「これ何? ミッキーマウスみたい‥‥」という若いお嬢さんの声。なるほどミッキーか、そう見えなくもないなぁ。
◆前回の記事はこちら >出雲見聞録(2) 出雲大社(おおやしろ)で祈る
※ 本稿は2021年3月10日の記録を、3月30日にアップしたものです。
目次
参拝後の境内を散策し、近づく春を体感する
古代巨大神殿を支えた3本束ねの柱
御本殿を取り巻く垣を左回りに参拝し終え、もう一度八足門(やつあしもん)にもどった時の境内。「ミッキーマウス」のようなピンクの三輪が4つ描かれている。
実はこれ、古代の出雲大社本殿を支える巨大心柱(しんばしら)の出土跡。直径約1.4mの杉の大木を3本束ね、鉄輪でくくった心柱の直径は3mにも及ぶとか。
2000年に巨大柱が3本束ねられた姿で発掘され、高さ48mもの巨大神殿がこの地にそびえていたことが実証されたらしい。
この古代神殿に興味がある方は、大社に隣接する「島根県立古代出雲歴史博物館」を訪れることをお勧めする。
古代出雲の謎にまつわる多くの資料が展示され、実に興味深い。中でも平安時代の大社模型(実物の10分の1)は圧巻であった。
小生らは既に2回見学しているため、今回は入館は見合わせた。
※出雲市が制作した「古代出雲大社高層神殿VR/ARアプリ」プロモーション動画(2分19秒)
大社高層神殿についての情報がコンパクトにまとめられており、一見の価値あり。
絵馬に託された数々の願い
参拝を終え、カミさんは御札と御朱印をいただくために社務所に向かう。手持ちぶさたな小生、境内をぶらついている内に絵馬掛けに下げられた絵馬に目が止まる。
縁結びの神様に奉納された絵馬、どんな願いが記されているかそれとなく眺めてみる。
やはり恋や縁談の類いのお願いが多い。「好いご縁に恵まれますように」と書かれた絵札の中に、「‥‥もう悲しい想いをしたくないです。幸せになれますように。」というのを見つけ、ドキリとさせられた。
こんなお願いを目にすると、切なくなってくる。
今回最も胸を打たれたのは、この絵馬。
眺めているうちにじんわり目頭がうるんでくる‥‥。
御朱印をいただいたカミさんと二人、広々とした境内をぶらぶら歩きながら、訪れつつある春を五体で味わう。
ベンチに腰かけ思い切り体を伸ばす。うららかな日差しに温められ、コロナ禍で固く縮まっていた体がじわじわとほぐれていく。
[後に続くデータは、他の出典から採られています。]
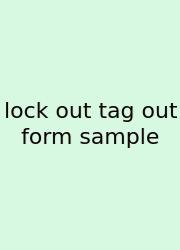 Lock Out Tag Out Form Sample
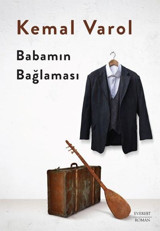Babamın Bağlaması Kemal Varol Everest Yayınları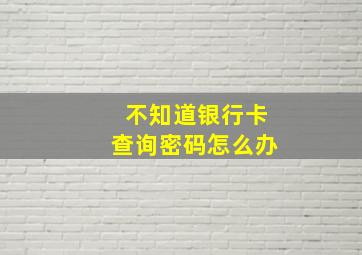 不知道银行卡查询密码怎么办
早咲きの桜に目をやり、童謡の一節を思わず口ずさむ。「春よ来い 早く来い」
映画『RAILWAYS』のオレンジ電車に会いに行く
神門通りの途中にある一畑電鉄「出雲大社前駅」に立ち寄る。ここに展示されているオレンジ色の車両「デハニ50形」に会う(?)ためだ。
映画好きの方は覚えているだろうが、この電車は映画『RAILWAYS 49歳で電車の運転士になった男の物語』(2010年)に登場し、出雲の美しい田園風景の中を走っていたあの車両である。
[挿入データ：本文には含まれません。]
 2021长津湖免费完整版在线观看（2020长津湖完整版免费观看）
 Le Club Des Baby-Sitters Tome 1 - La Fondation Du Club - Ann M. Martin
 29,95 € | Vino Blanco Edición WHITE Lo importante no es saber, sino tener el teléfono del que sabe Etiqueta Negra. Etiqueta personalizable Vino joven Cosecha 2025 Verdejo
説明板によれば一畑電鉄オリジナルの車両で、日本最古級の貴重なものだとか。
映画『RAILWAYS 49歳で電車の運転士になった男の物語』のストーリーは、タイトル通りの内容(笑)。
中井貴一演じる一流企業のサラリーマンが、会社を辞めてふるさと出雲にもどり、子どもの頃の夢「バタデン(一畑電鉄)」の運転士に挑戦する映画だ。
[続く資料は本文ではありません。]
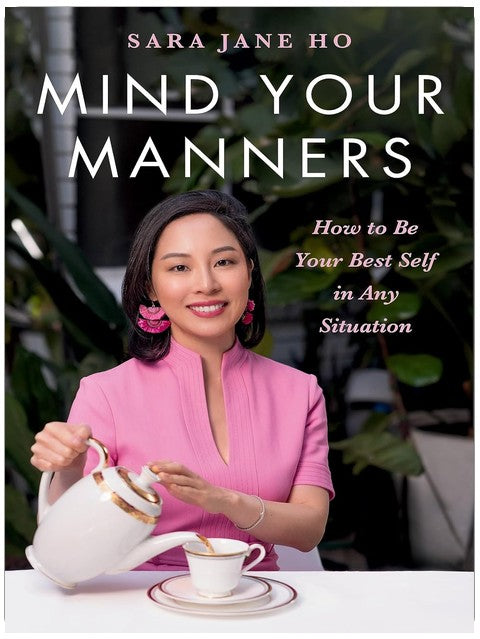 Mind Your Manners: How to Be Your Best Self in Any Situation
取締役への昇進の見返りに、冷徹にリストラを推進するエリート企業戦士。仕事に追われ家庭を顧みない主人公。当然、妻や娘との関係はうまくいっていない。
そんな主人公が母の病(ガン)と友人の自殺をきっかけに、「俺はこんな人生を送りたかったのか‥‥」と新しい人生を選び直すというストーリー。
夢を実現するために奮闘する中年男性の姿と、崩壊寸前だった家族が少しずつ再生していくさまを描いた良作。
私事で恐縮だが、退職後に嘱託として勤務した「少年支援室(不登校生徒を支援する施設)」の広報誌に、この映画にまつわる一文をしたためたことがある。
「ゆっくりでいい。前に進んでいればそれでいい。」
このセリフ、実はある映画の主人公が、娘にぽつんとつぶやいた一言です。映画は『RAILWAYS 49歳で電車の運転士になった男の物語』(2010年)、主人公を演じたのは中井貴一という俳優でした。
一流会社のエリート社員、筒井肇。仕事一筋で家庭を顧みなかった筒井だが、50歳を目前にし、母の入院や親友の死を機会に人生をやり直す決意をする。重役に昇任したばかりの会社を辞め、幼い頃の夢だった電車運転士になろうと奮闘する……という映画でした。舞台は島根県の出雲。美しい出雲の光景が画面にあふれ、ああ、日本という国は美しいものだなとしみじみ感じたものです。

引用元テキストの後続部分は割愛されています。